Fernando and Pastorini agree that methods of mitigation that focus on changing people’s behavior to prevent human injury and death rather than direct removal of elephants are likely to be the most successful. They also said that farming communities must bear at least part of the responsibility for mitigating conflict.

While absorbing the costs of crop losses and mitigation measures might be possible for large commercial plantation companies, it is not so easy for others. According to the original study, tolerance of elephants is declining among Indigenous Orang Asli communities who share their forest home with elephants in Peninsular Malaysia, and low among smallholder farmers. Equipping these vulnerable communities with ways to live alongside elephants will be key, say the researchers.

Tiller and Williams emphasize that reducing farmers’ dependence on agricultural profits by establishing revenue streams via tourism or ecosystem payments could increase their tolerance to crop losses. The original study authors also suggest that city dwellers who do not directly experience losses from elephant conflict, but who benefit indirectly from elephant conservation, should be involved in raising funds for mitigation.

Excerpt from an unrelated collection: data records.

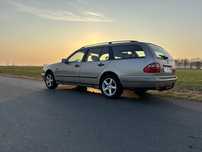 Mercedes-Benz Klasa E320 4 Matic Elegance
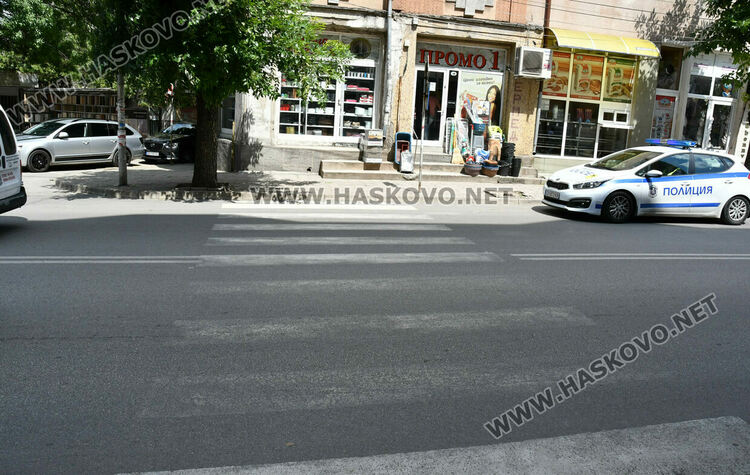 Водачка на Ситроен блъсна жена на пешеходна пътека в Хасково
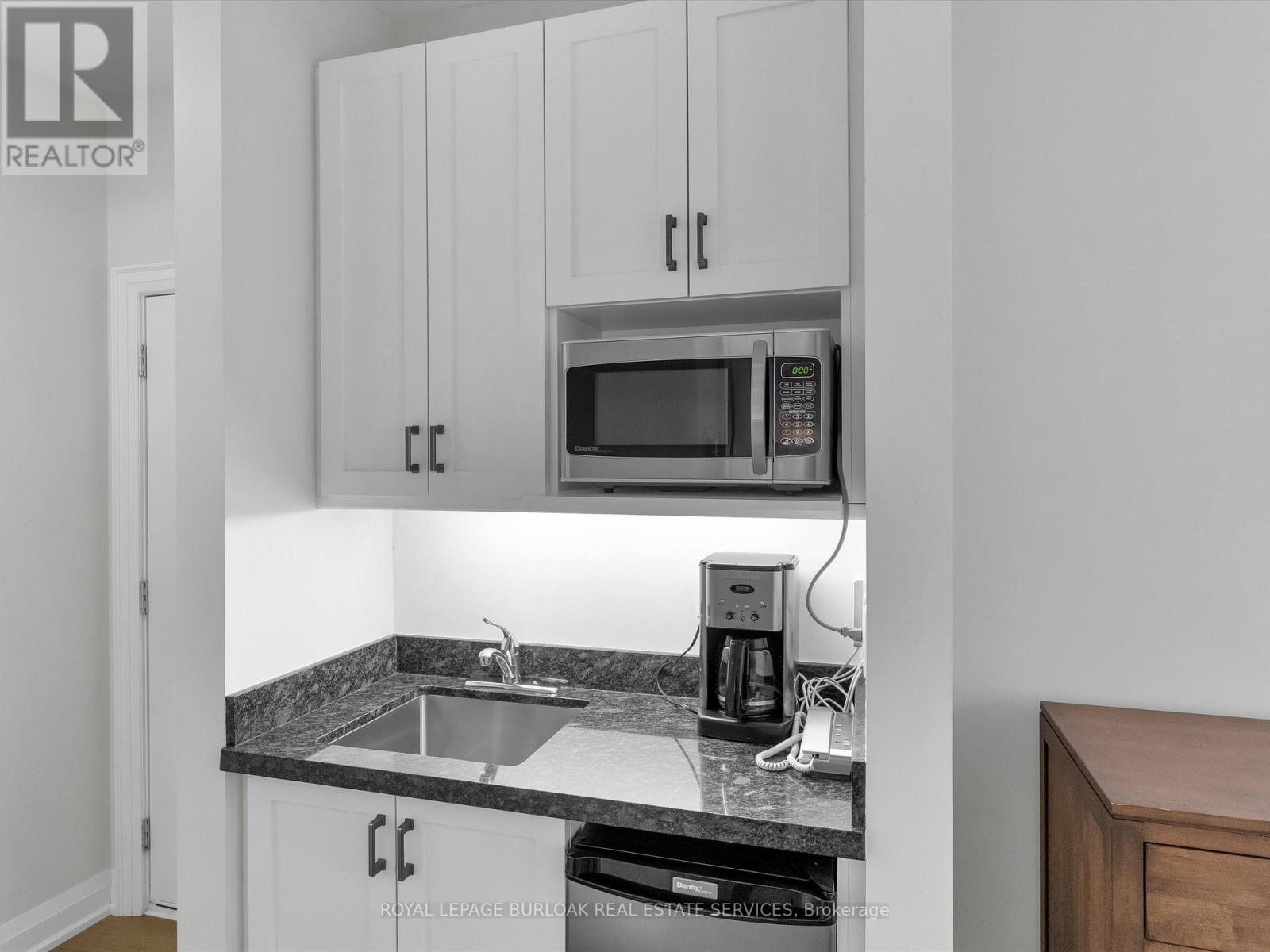 Btv-W 101 - 1869 Muskoka 118 Road W, Muskoka Lakes, Ontario P1L 1W8 - Photo 27 - X12835192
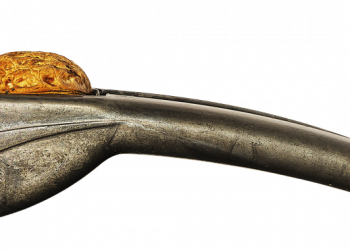 nutcracker breaking walnut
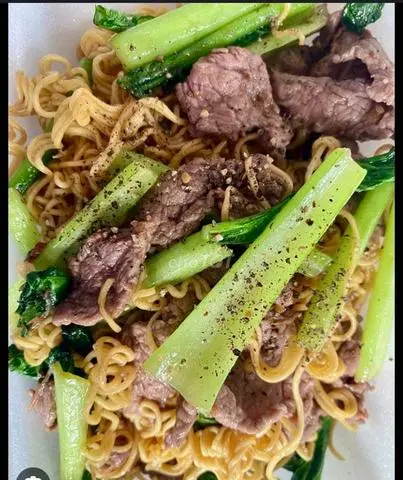 Hình ảnh Mì gói xào bò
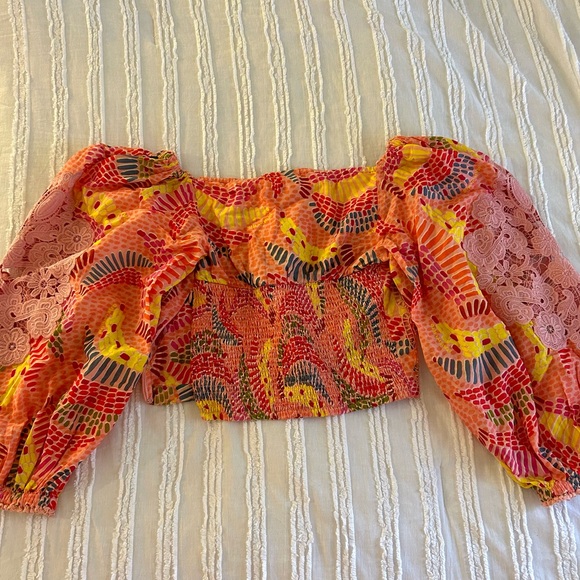 Farm Rio Dotted Bananas Top // Size Small - Picture 3 of 7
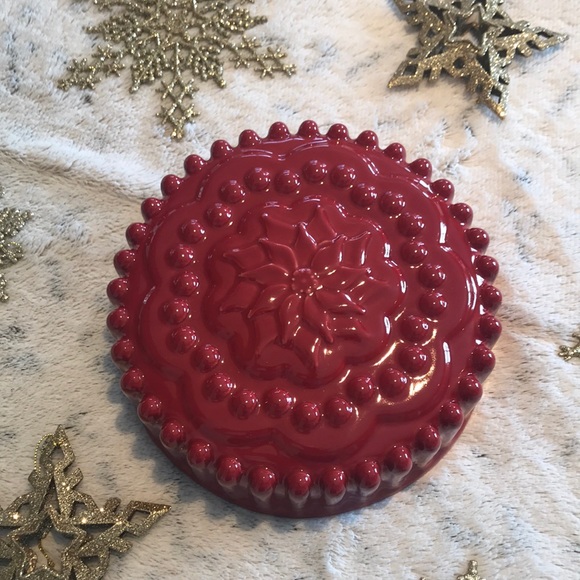 South living Cake Mold 🍰 beautiful Red ❤️ - Picture 1 of 7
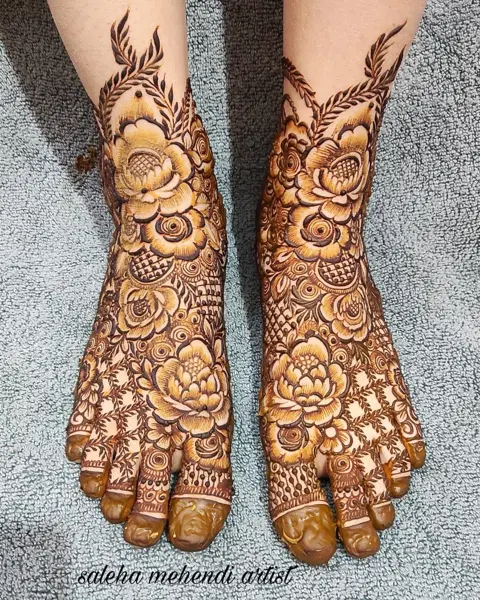 bridal foot mehndi design
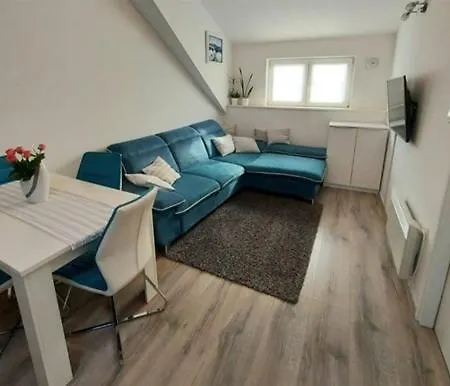 Apartment Nelly Split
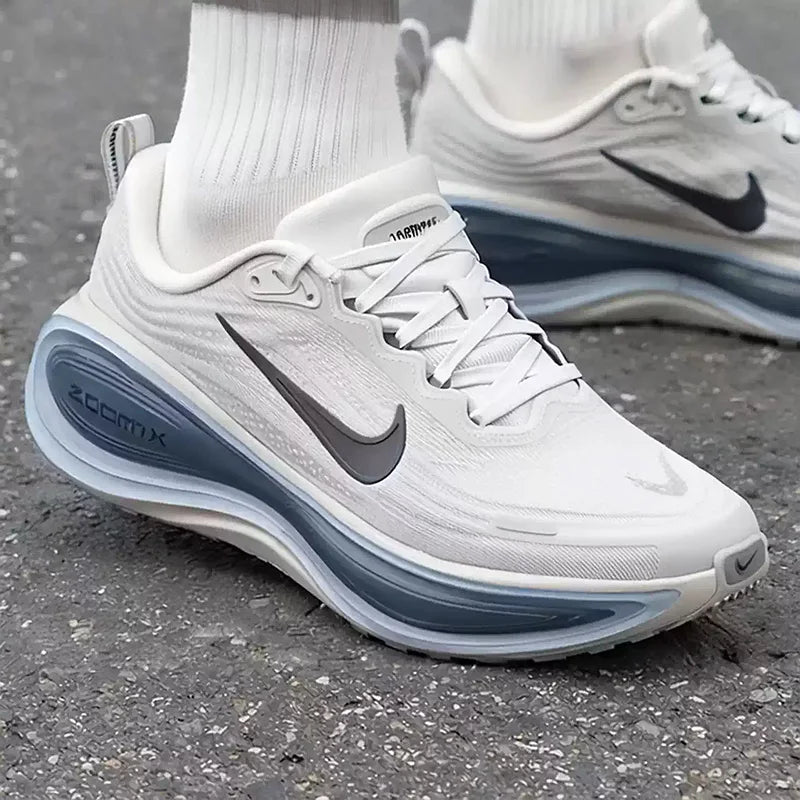 Scarpe da uomo Nike VOMERO PLUS - Scarpe da corsa su strada per allenamento Soft Flex, Numero modello: HV8150-111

All of the researchers agree that the best long-term pathway is a combination of measures, focusing on both tolerance and crop protection. Approaches that blend land-use planning to protect natural habitats and prevent further habitat encroachment, exclusionary measures like fences and trenches, financial compensation for damage, and education will all help.

“Since most of the global Asian elephant population occupies human-dominated landscapes,” the study authors said in a recent response, “it seems fair to argue that people’s willingness to coexist with elephants is the most influential factor for Asian elephant survival in the 21st century.”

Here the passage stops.